# 2005 Freccia Celeste HC?



## AnkleChop (Mar 16, 2007)

I was at my local Bianchi RCD last night and he showed me a 2005 Freccia Celeste HC frameset - it is the COOLEST BIANCHI FRAME THAT I HAVE EVER SEEN! (sweeter than my old Mega PRO-XL with Pantani's '99 Giro YellowOrange to Celeste paint job) The depth and sparkle of the Celeste Green paint job was amazing! The shape of the "hydro-formed" top and down tube is a work of art - the Bianchi and Freccia Celeste graphics are built into the two tubes! The seat and chain stays along with the fork are carbon with a deep sparkle grey paint job to compliment the Celeste.

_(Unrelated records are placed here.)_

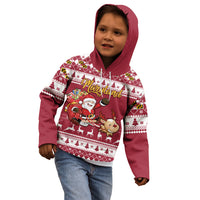 Custom Maryland Christmas Kid Hoodie Santa Claus Riding A Reindeer - Wonder Print Shop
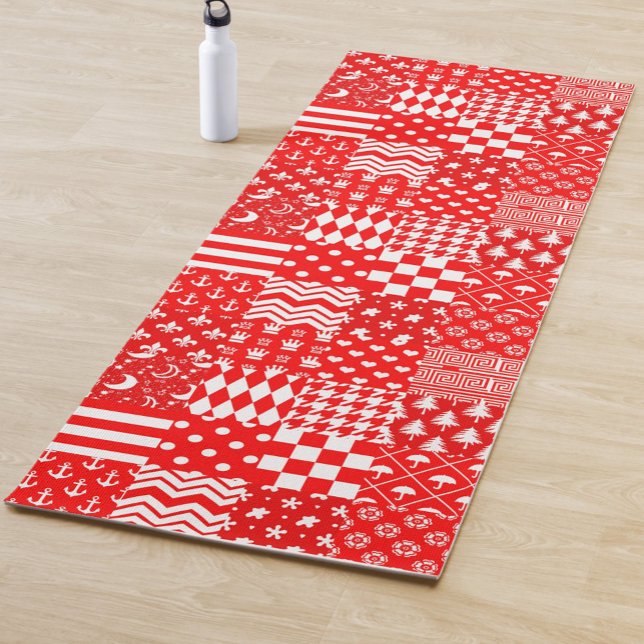 Red White Mixed Patterns Patchwork Design  Yoga Mat (Creator Uploaded)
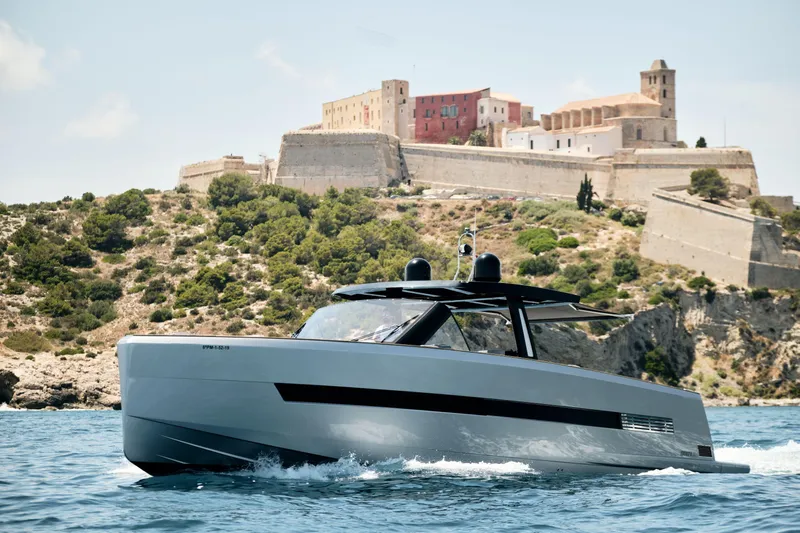  Yacht Photos Pics 2018 Fjord 52 Open yacht cruising near historic coastal fortress.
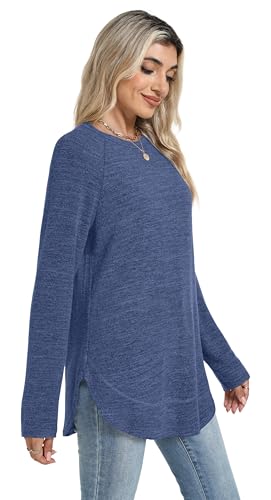 Sampeel Long Sleeve Shirts for Women Tunic Tops Loose Fit Dressy Crew Neck Pullover Sweaters 2026 - color: Navy, size: XX-Large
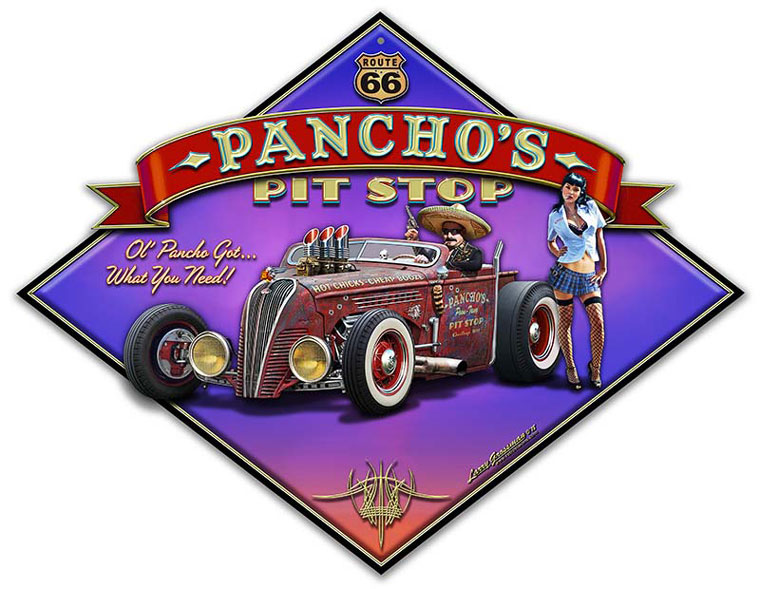 Pancho's Rt 66 Vintage Sign, Street Signs, Metal Sign, Wall Art, 20 X 16 Inches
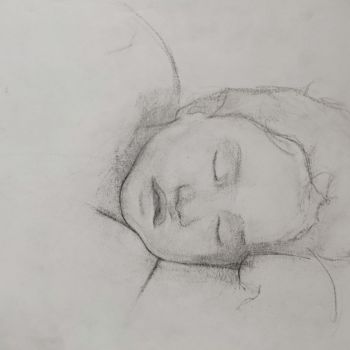 Drawing titled "Amiel Durmiendo" by Sagi Zuker, Original Artwork, Pencil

If anybody out there rides one - in the words of Napoleon Dynamite "LUCKY!". How does it ride? As sweet as it looks? Could you please post a pic? Please?


----------



## AnkleChop (Mar 16, 2007)

I did a search for "Freccia". Bloatedpig, you are LUCKY! That is one sweet ride!


----------



## sheriff1 (Jan 29, 2007)

It does ride as sweet as it looks. I built up an '06 model last week. It is unbelievably stiff, but rides like a cloud and corners like it was on rails. The team I rode for scored a handful for the season. I didn't have the funds for one initially, but talked my wife into when somebody else on the team decided to go for a full carbon frame instead.


----------